Data for the task ::
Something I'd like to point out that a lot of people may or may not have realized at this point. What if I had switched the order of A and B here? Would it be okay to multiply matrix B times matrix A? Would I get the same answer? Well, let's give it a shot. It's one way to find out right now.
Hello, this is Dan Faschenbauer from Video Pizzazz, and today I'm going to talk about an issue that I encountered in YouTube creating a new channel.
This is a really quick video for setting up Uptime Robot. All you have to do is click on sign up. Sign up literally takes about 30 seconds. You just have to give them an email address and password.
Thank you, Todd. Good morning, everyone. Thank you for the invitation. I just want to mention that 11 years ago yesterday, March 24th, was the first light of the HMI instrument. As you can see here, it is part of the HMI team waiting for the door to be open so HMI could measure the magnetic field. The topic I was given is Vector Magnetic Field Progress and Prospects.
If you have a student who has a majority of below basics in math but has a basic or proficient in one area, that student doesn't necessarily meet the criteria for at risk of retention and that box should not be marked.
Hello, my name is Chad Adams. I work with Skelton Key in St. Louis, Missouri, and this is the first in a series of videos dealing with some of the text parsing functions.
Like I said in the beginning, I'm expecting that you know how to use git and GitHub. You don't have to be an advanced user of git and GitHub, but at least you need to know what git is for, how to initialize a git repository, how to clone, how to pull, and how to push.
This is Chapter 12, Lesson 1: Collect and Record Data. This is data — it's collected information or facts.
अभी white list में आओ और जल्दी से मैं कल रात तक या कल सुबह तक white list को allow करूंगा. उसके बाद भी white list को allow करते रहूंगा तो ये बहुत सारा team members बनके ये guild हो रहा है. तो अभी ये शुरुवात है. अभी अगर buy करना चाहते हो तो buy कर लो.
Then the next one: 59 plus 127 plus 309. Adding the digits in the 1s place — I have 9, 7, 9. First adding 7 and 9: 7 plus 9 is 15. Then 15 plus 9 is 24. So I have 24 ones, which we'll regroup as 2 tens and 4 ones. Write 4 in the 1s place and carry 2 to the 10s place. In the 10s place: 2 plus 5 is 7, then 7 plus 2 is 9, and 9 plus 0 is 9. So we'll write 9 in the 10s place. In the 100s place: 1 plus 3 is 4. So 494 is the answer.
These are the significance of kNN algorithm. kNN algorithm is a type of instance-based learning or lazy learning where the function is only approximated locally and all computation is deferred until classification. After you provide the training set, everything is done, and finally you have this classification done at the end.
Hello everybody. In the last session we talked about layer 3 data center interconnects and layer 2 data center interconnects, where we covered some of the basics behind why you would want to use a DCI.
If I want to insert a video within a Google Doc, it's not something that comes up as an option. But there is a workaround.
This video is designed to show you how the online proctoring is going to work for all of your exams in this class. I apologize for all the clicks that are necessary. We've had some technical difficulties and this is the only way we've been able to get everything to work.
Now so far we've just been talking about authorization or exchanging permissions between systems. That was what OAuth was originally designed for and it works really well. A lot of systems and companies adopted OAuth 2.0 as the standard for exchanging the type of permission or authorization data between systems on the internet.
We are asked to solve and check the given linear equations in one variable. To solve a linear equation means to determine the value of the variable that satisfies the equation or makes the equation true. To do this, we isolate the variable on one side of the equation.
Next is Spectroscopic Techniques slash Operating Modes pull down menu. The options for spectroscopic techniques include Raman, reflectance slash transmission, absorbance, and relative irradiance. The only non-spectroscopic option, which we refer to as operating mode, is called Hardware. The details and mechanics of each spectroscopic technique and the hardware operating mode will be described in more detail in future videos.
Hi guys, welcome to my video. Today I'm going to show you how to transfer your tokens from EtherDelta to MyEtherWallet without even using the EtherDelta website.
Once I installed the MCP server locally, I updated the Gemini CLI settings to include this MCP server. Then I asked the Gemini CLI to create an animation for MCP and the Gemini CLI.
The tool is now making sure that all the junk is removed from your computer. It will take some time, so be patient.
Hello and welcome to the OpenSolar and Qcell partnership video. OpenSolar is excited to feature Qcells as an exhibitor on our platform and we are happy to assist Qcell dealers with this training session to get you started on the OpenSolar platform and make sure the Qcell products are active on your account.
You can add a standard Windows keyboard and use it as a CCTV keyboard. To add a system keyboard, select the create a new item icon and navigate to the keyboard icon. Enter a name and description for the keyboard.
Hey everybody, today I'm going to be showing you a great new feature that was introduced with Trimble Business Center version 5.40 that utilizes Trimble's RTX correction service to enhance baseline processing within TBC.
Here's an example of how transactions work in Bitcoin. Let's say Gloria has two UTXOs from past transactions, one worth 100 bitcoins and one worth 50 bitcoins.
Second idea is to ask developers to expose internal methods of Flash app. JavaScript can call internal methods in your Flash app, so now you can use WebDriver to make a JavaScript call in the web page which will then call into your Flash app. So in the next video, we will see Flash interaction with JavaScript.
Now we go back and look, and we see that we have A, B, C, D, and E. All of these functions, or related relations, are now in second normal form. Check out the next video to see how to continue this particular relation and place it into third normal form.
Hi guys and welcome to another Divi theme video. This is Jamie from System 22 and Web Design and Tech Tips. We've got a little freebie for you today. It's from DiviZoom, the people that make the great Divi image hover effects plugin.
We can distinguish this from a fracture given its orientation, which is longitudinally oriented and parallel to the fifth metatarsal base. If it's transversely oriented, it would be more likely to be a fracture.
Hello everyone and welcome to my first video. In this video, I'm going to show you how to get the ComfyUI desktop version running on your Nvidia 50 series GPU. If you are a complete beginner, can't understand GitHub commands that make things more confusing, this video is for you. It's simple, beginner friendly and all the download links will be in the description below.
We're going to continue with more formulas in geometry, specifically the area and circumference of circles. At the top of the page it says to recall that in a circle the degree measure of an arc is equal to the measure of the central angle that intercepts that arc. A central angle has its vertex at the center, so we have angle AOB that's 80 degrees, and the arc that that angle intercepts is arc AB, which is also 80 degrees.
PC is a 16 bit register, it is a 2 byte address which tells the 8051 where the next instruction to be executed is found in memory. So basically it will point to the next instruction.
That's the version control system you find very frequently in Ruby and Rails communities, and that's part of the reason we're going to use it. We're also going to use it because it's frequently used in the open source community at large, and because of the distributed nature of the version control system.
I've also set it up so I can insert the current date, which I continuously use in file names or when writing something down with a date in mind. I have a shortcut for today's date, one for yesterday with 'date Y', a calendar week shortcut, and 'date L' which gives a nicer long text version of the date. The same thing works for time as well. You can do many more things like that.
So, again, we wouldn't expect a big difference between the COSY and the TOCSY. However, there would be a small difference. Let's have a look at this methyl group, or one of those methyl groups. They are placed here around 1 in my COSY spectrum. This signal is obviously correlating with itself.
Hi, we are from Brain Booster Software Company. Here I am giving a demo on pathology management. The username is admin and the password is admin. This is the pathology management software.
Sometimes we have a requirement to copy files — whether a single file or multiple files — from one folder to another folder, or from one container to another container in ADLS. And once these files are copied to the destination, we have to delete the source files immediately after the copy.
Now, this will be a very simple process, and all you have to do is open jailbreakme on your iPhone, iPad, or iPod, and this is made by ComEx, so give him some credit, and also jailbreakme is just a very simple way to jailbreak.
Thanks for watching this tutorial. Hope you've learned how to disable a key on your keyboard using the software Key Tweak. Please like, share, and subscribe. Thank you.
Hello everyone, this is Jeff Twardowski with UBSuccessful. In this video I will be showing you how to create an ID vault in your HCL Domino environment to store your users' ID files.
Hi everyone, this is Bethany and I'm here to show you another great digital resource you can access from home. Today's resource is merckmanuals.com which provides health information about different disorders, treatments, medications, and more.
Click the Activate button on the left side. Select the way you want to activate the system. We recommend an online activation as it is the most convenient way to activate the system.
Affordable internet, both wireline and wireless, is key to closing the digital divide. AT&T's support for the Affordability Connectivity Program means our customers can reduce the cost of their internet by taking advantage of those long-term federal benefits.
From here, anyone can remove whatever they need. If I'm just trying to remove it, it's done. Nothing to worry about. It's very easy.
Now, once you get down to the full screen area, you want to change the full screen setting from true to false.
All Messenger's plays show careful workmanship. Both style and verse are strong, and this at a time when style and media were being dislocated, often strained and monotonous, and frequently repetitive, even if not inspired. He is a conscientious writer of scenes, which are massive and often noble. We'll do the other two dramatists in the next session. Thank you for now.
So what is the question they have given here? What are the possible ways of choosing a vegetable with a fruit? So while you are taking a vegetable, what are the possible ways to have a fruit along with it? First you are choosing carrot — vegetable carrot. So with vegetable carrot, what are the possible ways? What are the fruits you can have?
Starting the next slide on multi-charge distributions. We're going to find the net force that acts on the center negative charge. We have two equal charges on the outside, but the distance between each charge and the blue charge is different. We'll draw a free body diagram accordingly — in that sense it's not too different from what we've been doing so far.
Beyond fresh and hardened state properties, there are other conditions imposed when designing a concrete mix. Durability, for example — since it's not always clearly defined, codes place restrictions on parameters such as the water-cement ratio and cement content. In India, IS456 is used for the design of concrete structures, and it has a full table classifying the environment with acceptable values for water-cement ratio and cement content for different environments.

Exercise description :: Beginning with the very first line of the records above, please retype each line through the one that has "Hello, my name", and add nothing.

Output for this exercise ::
Something I'd like to point out that a lot of people may or may not have realized at this point. What if I had switched the order of A and B here? Would it be okay to multiply matrix B times matrix A? Would I get the same answer? Well, let's give it a shot. It's one way to find out right now.
Hello, this is Dan Faschenbauer from Video Pizzazz, and today I'm going to talk about an issue that I encountered in YouTube creating a new channel.
This is a really quick video for setting up Uptime Robot. All you have to do is click on sign up. Sign up literally takes about 30 seconds. You just have to give them an email address and password.
Thank you, Todd. Good morning, everyone. Thank you for the invitation. I just want to mention that 11 years ago yesterday, March 24th, was the first light of the HMI instrument. As you can see here, it is part of the HMI team waiting for the door to be open so HMI could measure the magnetic field. The topic I was given is Vector Magnetic Field Progress and Prospects.
If you have a student who has a majority of below basics in math but has a basic or proficient in one area, that student doesn't necessarily meet the criteria for at risk of retention and that box should not be marked.
Hello, my name is Chad Adams. I work with Skelton Key in St. Louis, Missouri, and this is the first in a series of videos dealing with some of the text parsing functions.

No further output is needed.